Steps 2 and 3 can run either locally on your laptop or as a hosted job in Foundry — you just need a user-scoped token with read access to the pipelines.
The repo above is a thin reference for steps 2+3 today: it calls /eddie/api/pipelines-v2/…/all-information, reshapes the response into the “builder-copy-v2” clipboard format the UI uses, then (optionally) sends that to Claude to emit a transforms-python module.
Hackier alternative (don’t think it’s necessary, but it exists): Pipeline Builder has a native “convert to Java” path in the UI. You could pipe Builder → generated Java → tests. I haven’t gone down that road since most teams want PySpark/Polars, not Java, but it’s there if the LLM step feels too brittle for you.

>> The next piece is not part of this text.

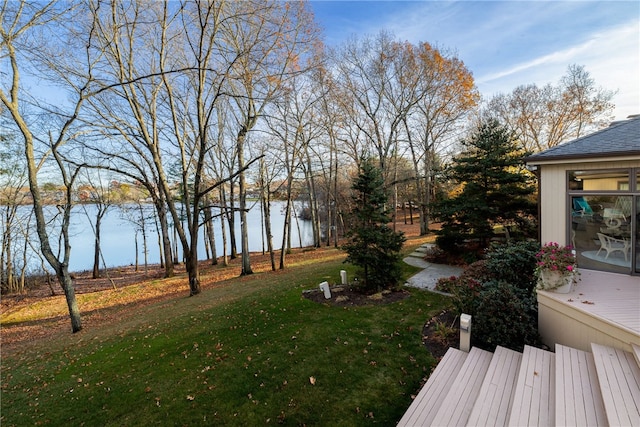 view of yard featuring a water view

The fun part is testing. Generating the code is the easy half but proving the new transform produces the same output as the Builder pipeline on a representative input is where this gets real. No suggestion on this side - I’d frame it as a governance approach: notify all the owners of the Pipeline Builders that a PR / repo is ready, have them own the output and the migration (could do this identification via Audit Log v3)
Side note on the target: I’d push hard toward Polars over PySpark wherever the data fits comfortably on one node. A lot of Builder pipelines are sub-billion-row, and Polars-in-a-single-node transform skips the Spark overhead. Meaningfully faster and cheaper than PySpark for that workload class.
Happy to go deeper on any of this — drop a Q.